It is now more commonly dubbed, the wet and dry thermometer relating to the comparison of two thermometers, one with a wet bulb and the other dry. This is essentially the same as Mason’s pattern where one thermometer is kept wet by means of a water soaked sock covering one bulb and the other kept dry. The evaporation of water from the sock has the effect of lowering the temperature reading on the wet thermometer and the difference against the dry thermometer is used to calculate relative humidity of the air.
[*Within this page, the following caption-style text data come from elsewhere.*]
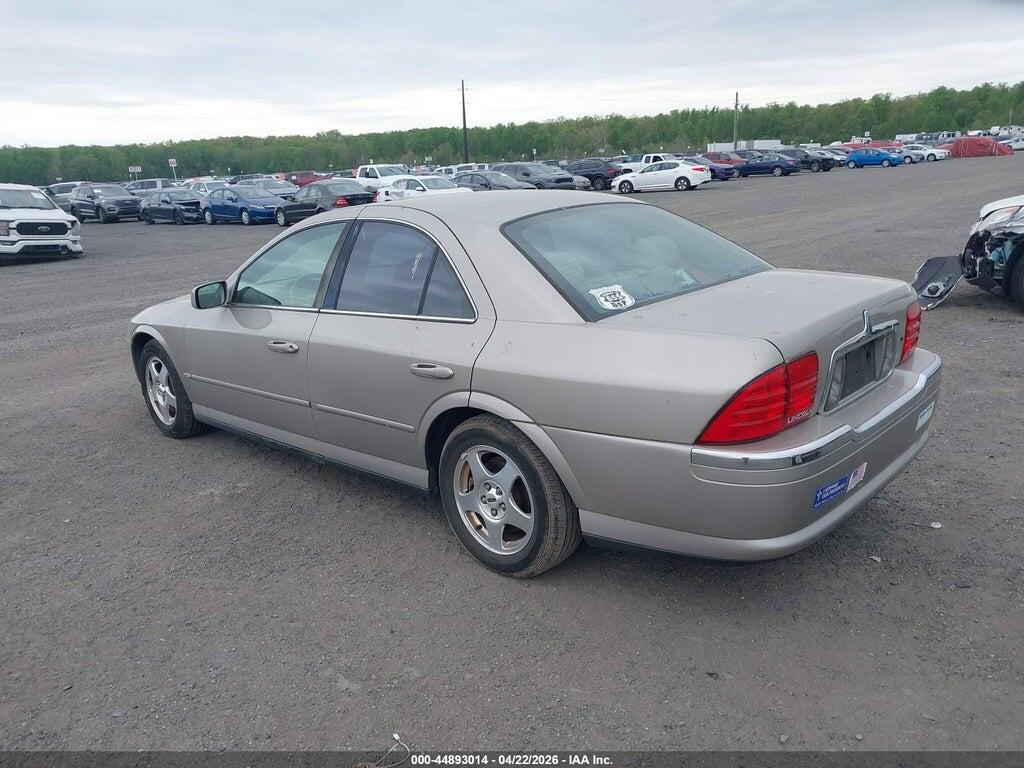 1LNHM87A6YY757787 2000 LINCOLN LS photo no. 3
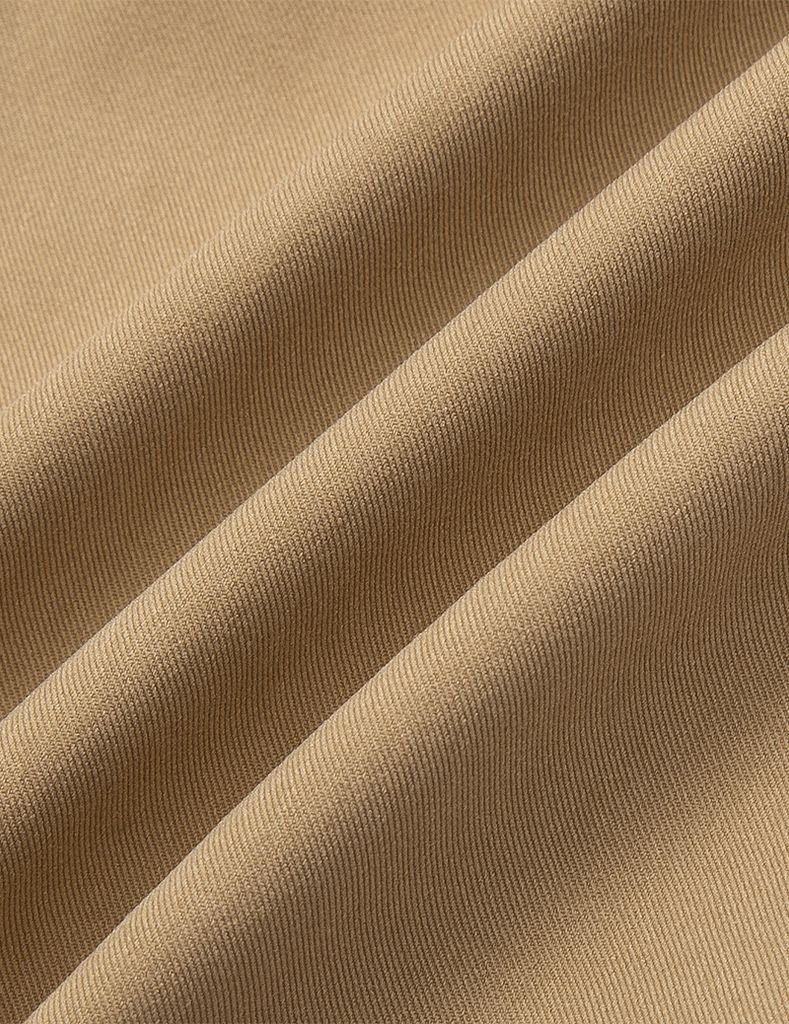 Chân váy khaki bé gái dáng A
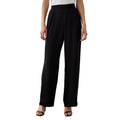 Black - Front - Dorothy Perkins Womens-Ladies Wide Leg Trousers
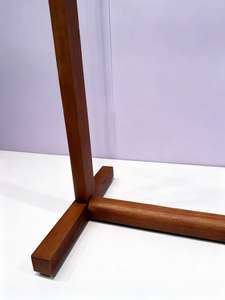 Espositore per <span class=keywords><strong>Abbigliamento</strong></span> Personalizzato in Acciaio Inox e Legno, Stand per Negozi di <span class=keywords><strong>Abbigliamento</strong></span> Femminile - Product Image 6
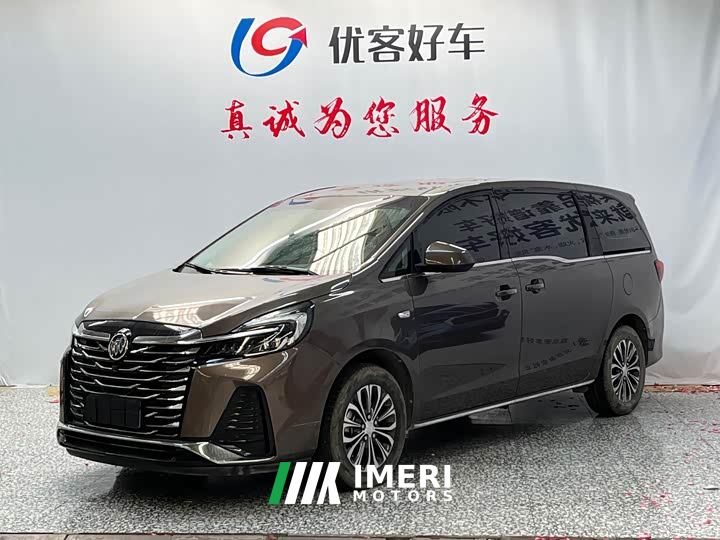 Buick GL8 Land Business Class Comfort Edition - car from China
The maker of this super instrument, Pizzi & Co may not be immediately familiar but it provides a real insight into the Italian émigré community which blossomed in the early nineteenth century and ultimately capitalised on the British obsession with the weather. The premises at 19 Leather Lane was originally owned by Angleo Tagliabue, an adept scientific instrument maker who like most, hailed from the Lake Como region of Northern Italy. Long forgotten but hugely influential, the Tagliabue family not only apprenticed a young Henry Negretti who would have worked at the premises during his early career but also apprenticed and formed a later partnership with the equally influential Louis Casella. The Tagliabues also went on to form a partnership with Joseph Zambra so it is clear that this family were instrumental in the formation of both Casella and Negretti & Zambra, the two great instrument makers of the Victorian age.
In 1841 after the death of her husband Valentino, Jane Pizzi took over the premises at Leather Lane from Angelo Tagliabue and continued her husband’s scientific instrument making business. Between 1841 and 1845, the records suggest that Pizzi continued to employ Henry Negretti who had by this time become an adept glass blower, barometer and thermometer maker, and then shortly after, went into partnership with him until 1845 whereafter Negretti took over the premises as Negretti & Co.
Given the evidence, it is likely that this instrument was manufactured in the early 1840’s prior to the Pizzi, Negretti partnership (it is signed Pizzi & Co) but at the very least it can be accurately dated to between 1841 and 1845. Given the small size of this enterprise it is not beyond the realms of belief that the instrument may also have been constructed and produced in some part by Henry Negretti himself. Negretti’s later career is well documented through his partnership with Joseph Zambra, a relationship which would produce some of the finest meteorological instruments of the era but to find an instrument from his early career where he was actively involved in production is a rare occurrence.
The instrument itself is a rarity but with an equally superb pedigree, it exists as an exemplar of its type and remains in working order.